(WHAT YOU HAVE TO DO) For each entry, repeat the text exactly and omit any picture it holds.

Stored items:
BEGIN

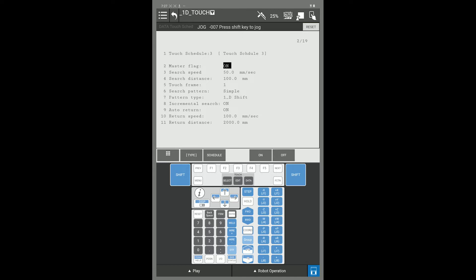I'm going to change my speed for my search. I'm going to select my frame number that I set up on the previous screen. I set up frame number 3.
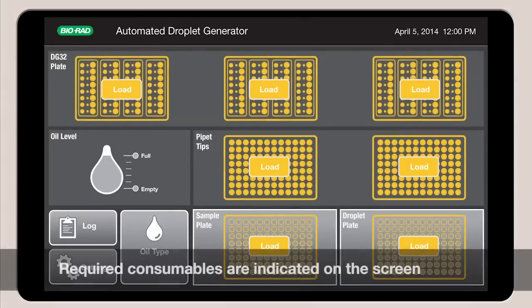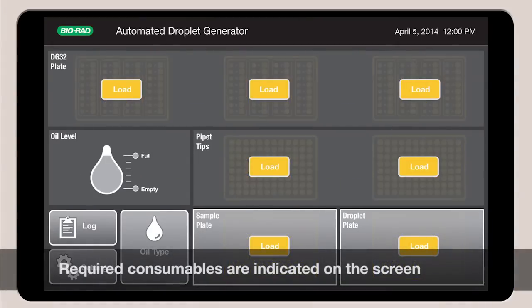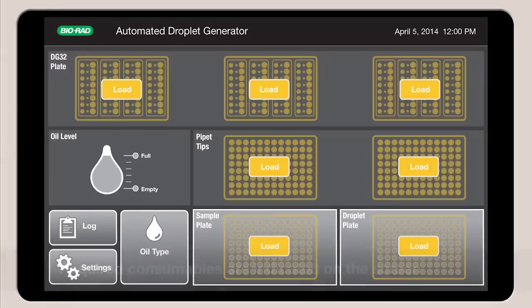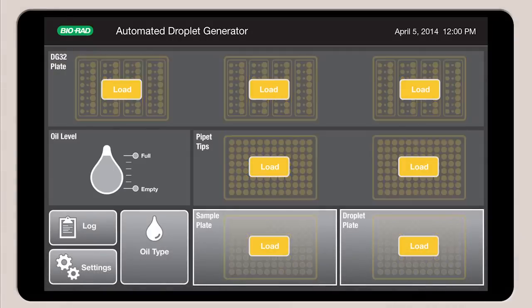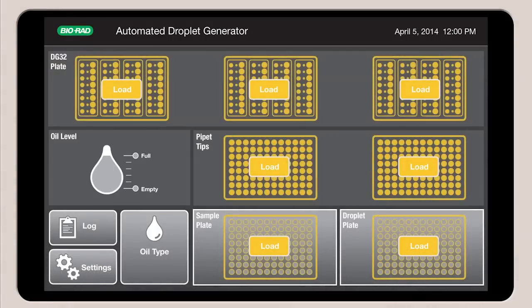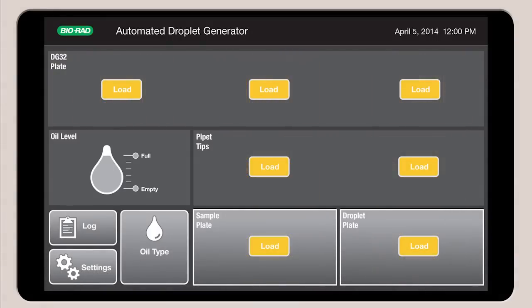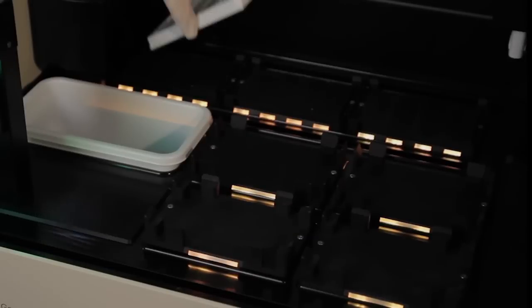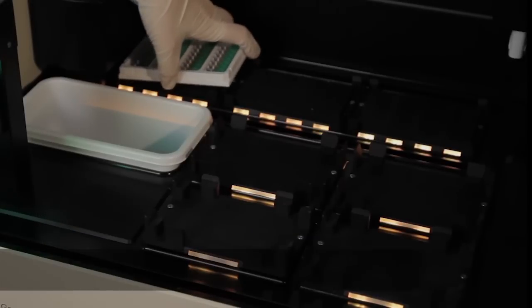The AutoDG calculates how many consumables are needed and indicates where to load them with blinking yellow icons on the touch screen. These correspond to yellow lights on the instrument deck.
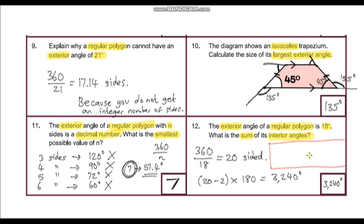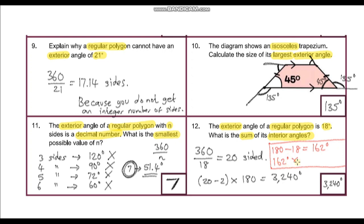There's also an alternative method: the exterior angle is 18 degrees, so the interior angle is 180 − 18 = 162 degrees. There are 20 interior angles, so the sum is 162 × 20 = 3240 degrees — the same answer. This shows there's always more than one way to get to the right answer in maths.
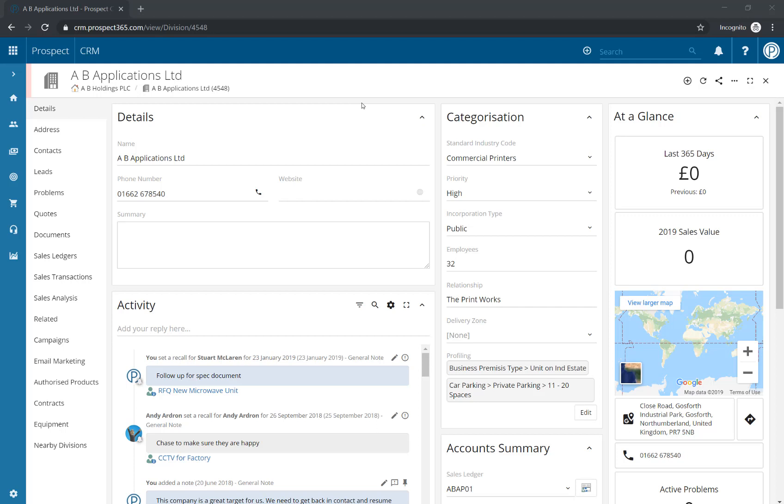By setting an urgent note, the note automatically appears as either a banner on the CRM record or as a pop-up when the record is opened.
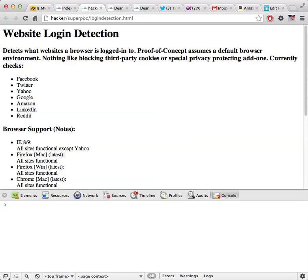For this particular demo, I'm going to show you how a website, hacker.com in this case or just plain hacker hostname, can detect whether you're logged into Facebook, Twitter, Yahoo, Google, Amazon, LinkedIn, and also Reddit. The browser I'm in,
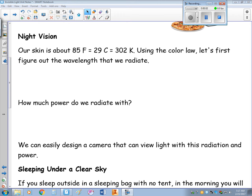This is video 2 for the invisible light unit. For night vision, our skin is around 85 degrees Fahrenheit. Our body temperature is 98.6 degrees Fahrenheit, but that's at our core — it cools down as you get to your skin. That's about 29 Celsius or 302 Kelvin.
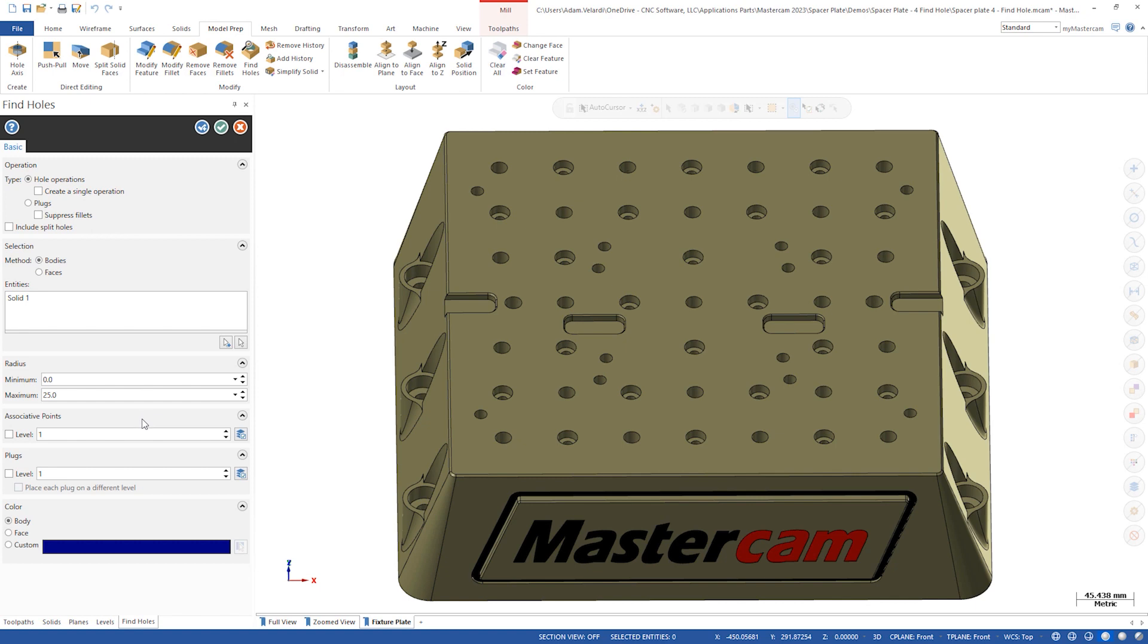Additionally, there is now an option for which level to put the associative points on. Let's select create a single operation so that all holes with the same dimensions will be made with one solid entity and can be edited all at once. Let's also put the associative points on level 100.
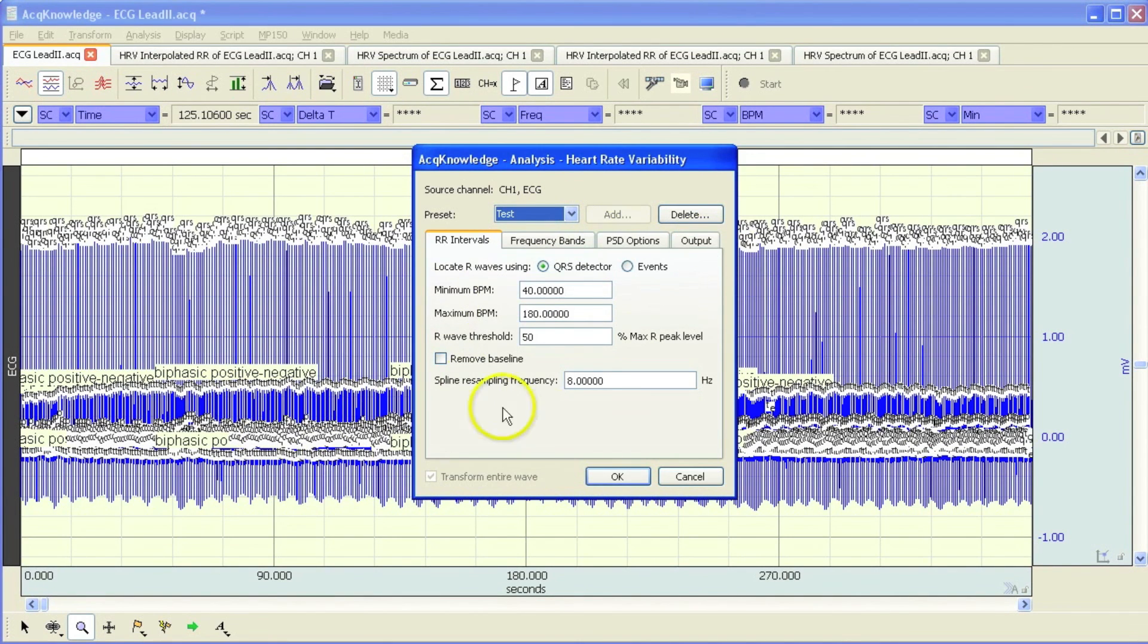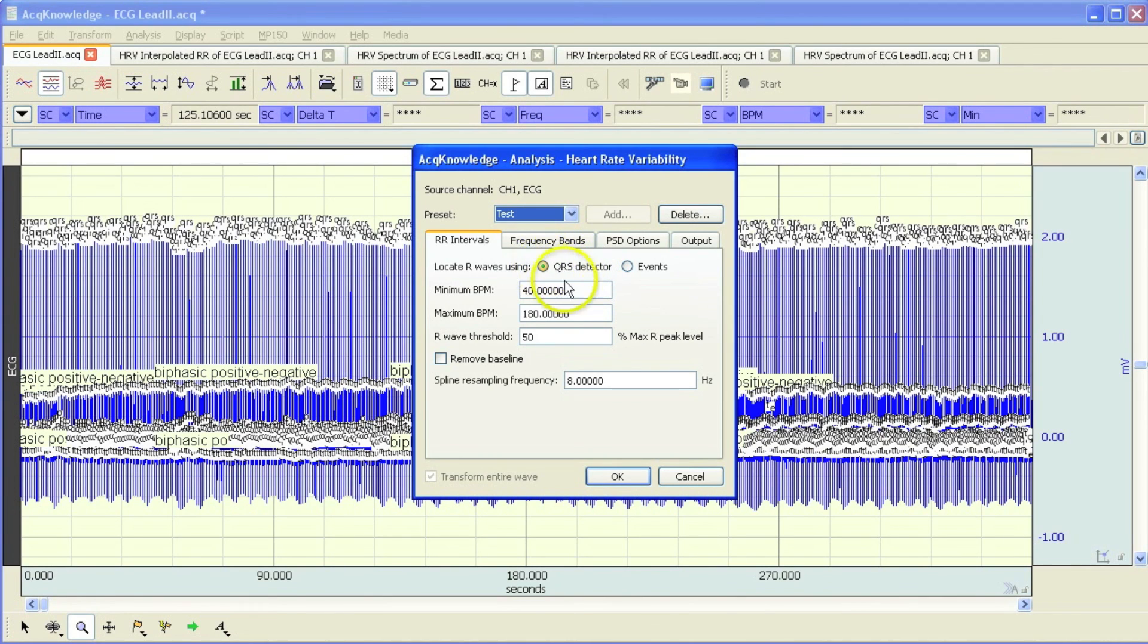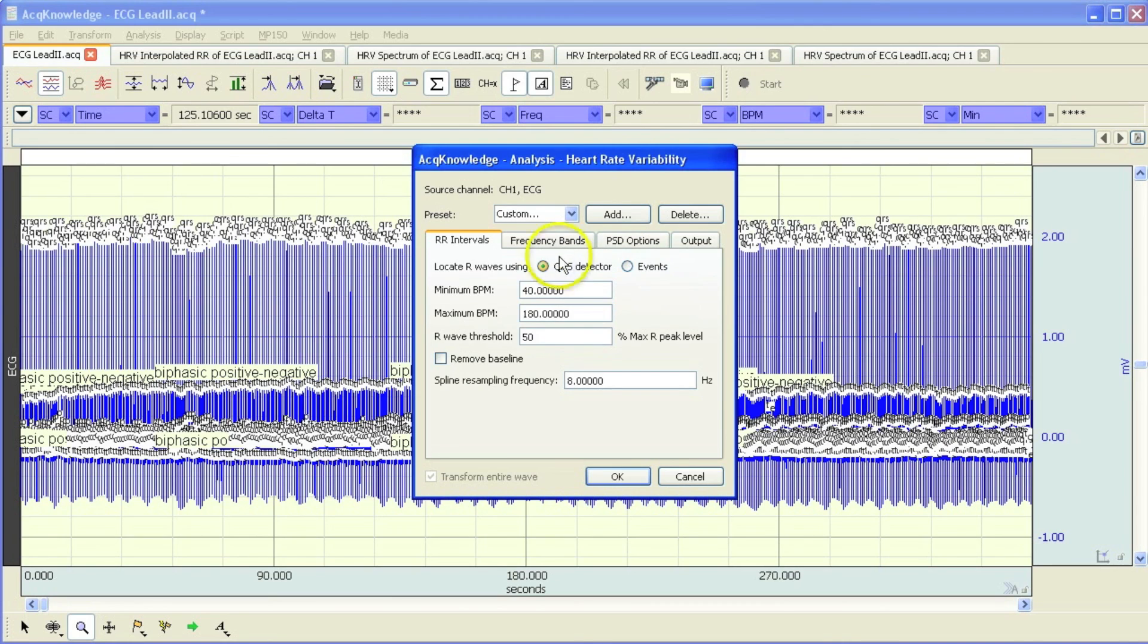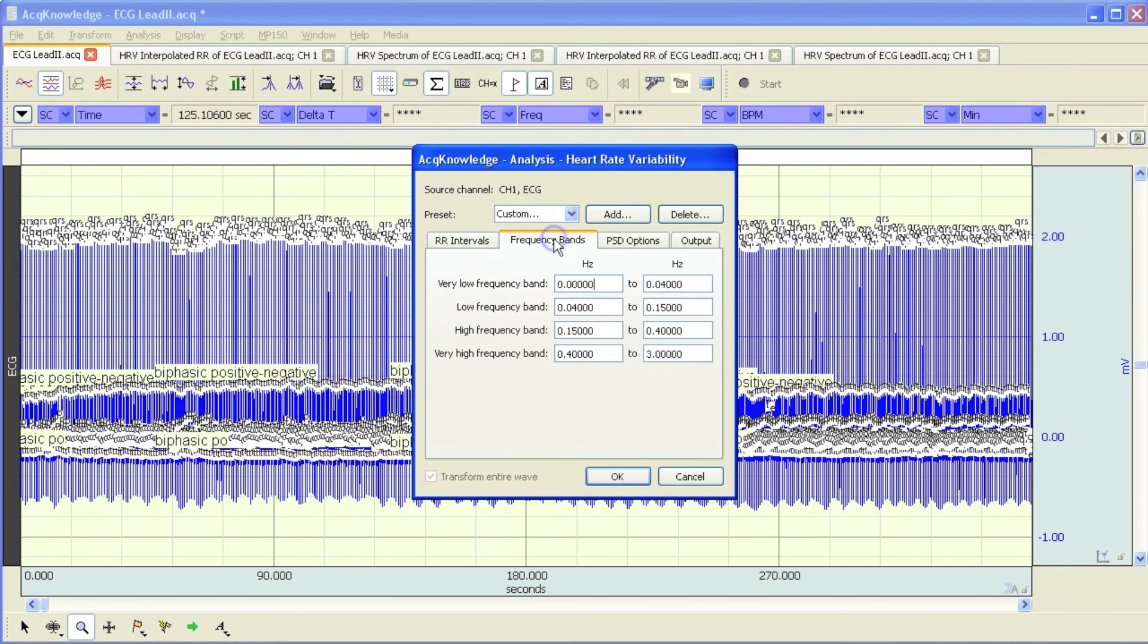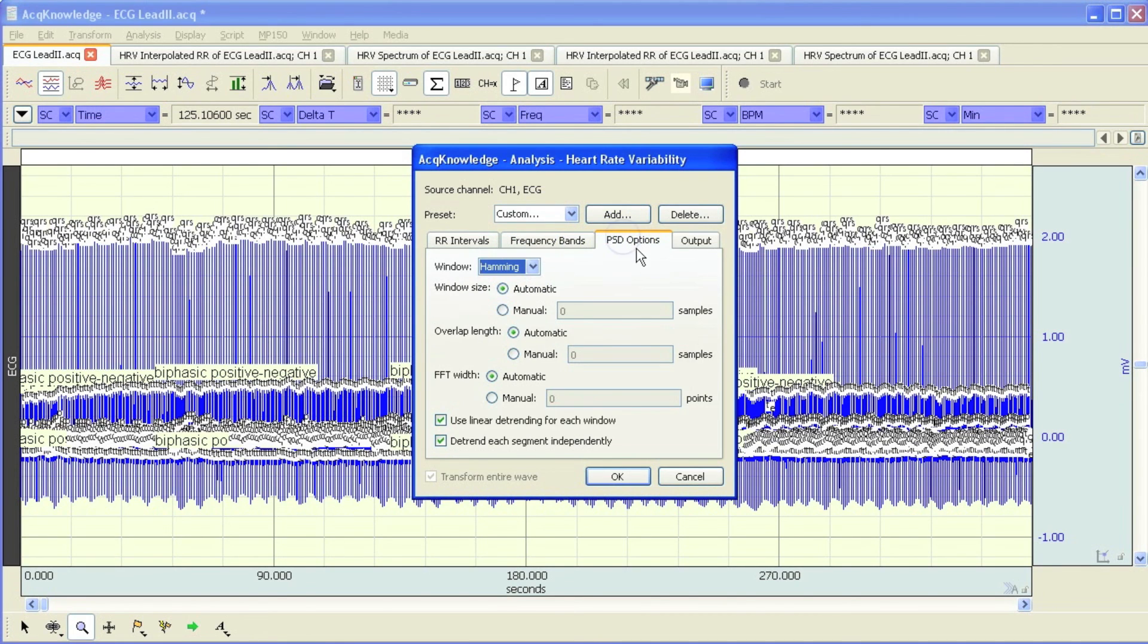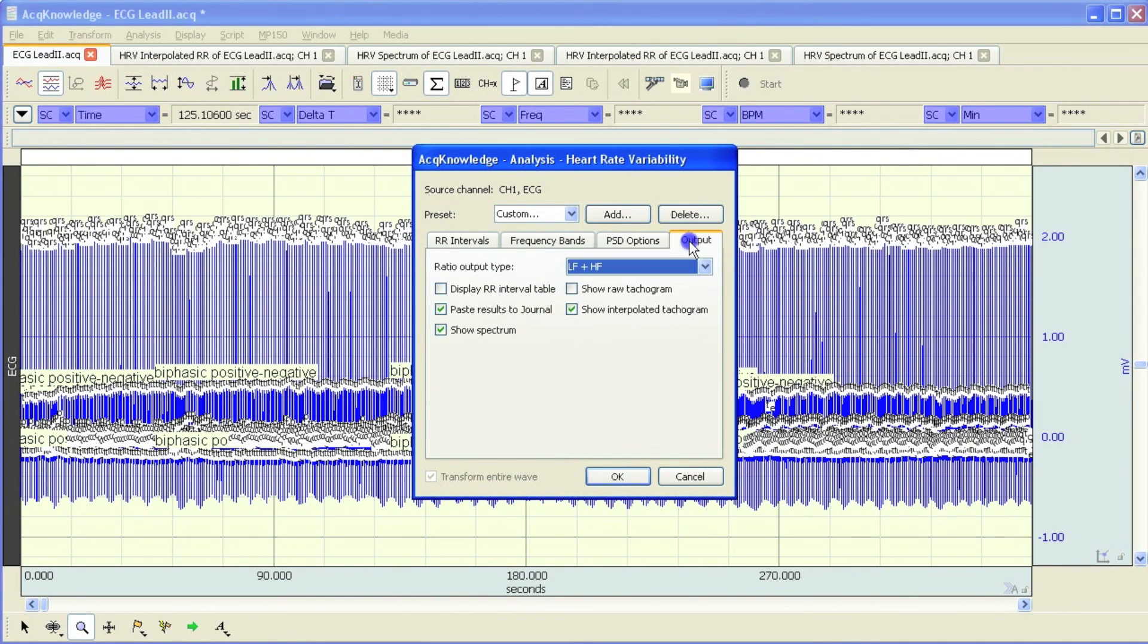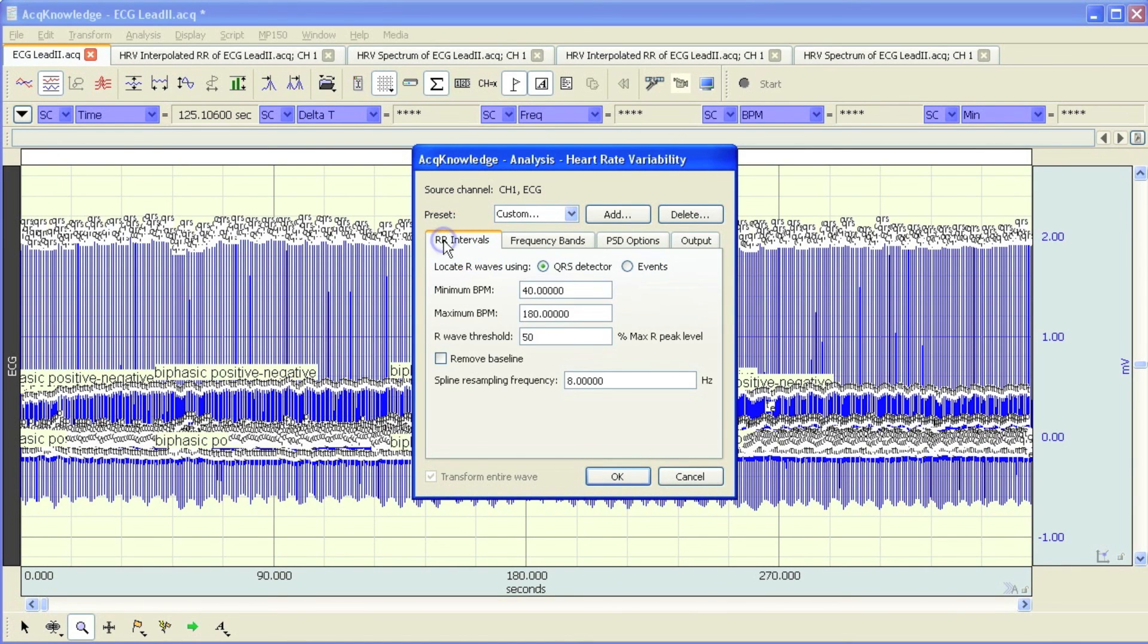So again, this dialog allows us to choose between the QRS detector using events within the data. Set the frequency bands for the very low, low, high and very high frequency ranges. Use automatic or manual PSD settings. And then control the output. So that concludes this demonstration of the Acknowledge Heart Rate Variability Analysis Routine.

END

(WRITTEN SOLUTION)
I'm going to change my speed for my search. I'm going to select my frame number that I set up on the previous screen. I set up frame number 3.
The AutoDG calculates how many consumables are needed and indicates where to load them with blinking yellow icons on the touch screen. These correspond to yellow lights on the instrument deck.
There's also an alternative method: the exterior angle is 18 degrees, so the interior angle is 180 − 18 = 162 degrees. There are 20 interior angles, so the sum is 162 × 20 = 3240 degrees — the same answer. This shows there's always more than one way to get to the right answer in maths.
By setting an urgent note, the note automatically appears as either a banner on the CRM record or as a pop-up when the record is opened.
For this particular demo, I'm going to show you how a website, hacker.com in this case or just plain hacker hostname, can detect whether you're logged into Facebook, Twitter, Yahoo, Google, Amazon, LinkedIn, and also Reddit. The browser I'm in,
This is video 2 for the invisible light unit. For night vision, our skin is around 85 degrees Fahrenheit. Our body temperature is 98.6 degrees Fahrenheit, but that's at our core — it cools down as you get to your skin. That's about 29 Celsius or 302 Kelvin.
Additionally, there is now an option for which level to put the associative points on. Let's select create a single operation so that all holes with the same dimensions will be made with one solid entity and can be edited all at once. Let's also put the associative points on level 100.
So again, this dialog allows us to choose between the QRS detector using events within the data. Set the frequency bands for the very low, low, high and very high frequency ranges. Use automatic or manual PSD settings. And then control the output. So that concludes this demonstration of the Acknowledge Heart Rate Variability Analysis Routine.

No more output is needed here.